Saturday, March 21, 2009

La Realidad


I think I got it. This might be the real thing. Tandil, Argentina. Not well known from outside the USA. Better that way. The day began with me going to the main university here in Tandil (UNICEN) only knowing that I would be meeting with a professor from the International Relations department. Fernando took me to meet some of his grad students who work with him at the Centro de Estudios Interdisciplinarios en Problemas Internationales y Locales. This quickly turned into a international discourse of politics, sociology, government, development and other international topics. It became quickly became clear to me that these were some brilliant minds at work. There we were drinking mate, and dicussing latin american politics. Well I didnt think it could get any better until Sr. Fernando, invited me to the local futbol match for that evening. Santa Marina vs. CiPolleti. Ive been to Brazilian matches before, as well as Spanish futbol matches. But this match, was something different. Watching the 3000 people cheer thier team on, Fernando later told me that "futbol here in latin america is about passion. The team has it. The crowd has it. They may not be the best team in the world, but their passion makes them the best team for thier supporters, and thats what matters" Passion. The smoke, the cursing, the yelling, the protesting when they ran out of chorizo, the continous singing. Wow. The fouls were harsh, the crowd's words were harsher. Even though the match was a tie, the energy never ended.

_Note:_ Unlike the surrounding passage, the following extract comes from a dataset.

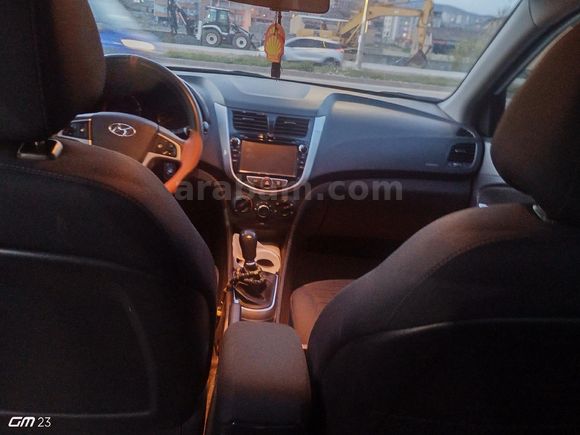 Sahibinden Hyundai Accent Blue 1.6 CRDI Mode Plus 2015 Model  155.000 km Beyaz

Afterwards I was taken to a place I will never forget. It was if I had stepped into the the inner sanctum of one type of argentine life. La Realidad, is a loft style restaraunt whose owners had remodeld to make it thier own. A unique menu, bossa nova in the back ground, and eclectic(yes jodie i used it) art work makes this place feel like you are somewhere unlike anywere else. The conversation we had was amazing. The food was incredible. A chicken rissotto, with a side of bread was all i needed to go with the 3 bottles of wine. The conversation went well into the morning with all being satisfied. My thrist was satisifed. I was told that the place had just opened in December, and that the owners had only recently returned after cooking in some hotels in europe. I was thrilled to finally feel like I was getting a taste of how some argentinans live. Places like these are not a dime a dozen. They do not grow on street corners, they are not the pocket tourism that so many people believe is worth something. En La Realidad I felt at home. The food, the company, the music, and the ambiance was a bit of Argentina that I could at that moment call my own.


After such a great evening, how could it get any better right? Well today I had a little bit more. After a long morning of museos, meetings, and more, I was able to get some time alone amongst the town center in Tandil. Looking far and wide for postcards but to no avail, I finally came upon a few bookstores which I furiously began scouring, for good reads. Happening upon a couple books(not to be mentioned because they are gifts to Significant Other) I needed a place to read, have a cafe, and wait for a call. Perhaps by chance or perhaps not. I found myself on the same street as La Realidad. Going upstairs I met with the cook/owner and a local artist who decorates the place. I proceeded to take photos, and will be sharing this blog with you sir Tuculet. If anyone reads this and has the opportunity to vist Sarmiento 743. I highly reccomend you do so. Moving on; I went to a little courtyard that caught my eye, and there began drinking my cafe con leche, reading a few books, and people watched as time went on. The people in the little courtyard were local vendors, who drank mate and smoke Camels while they waited for customers. They knew everyone who walked by, and anyone who walked in. Just to able to sit there and perhaps blend in a little was comforting. The anonomity was most welcome.
En fin, what can I say but I will miss Tandil. The people, the food, the local pleasantries. Its ironic that I must return to reality, after having such an amazing experience en La Realidad.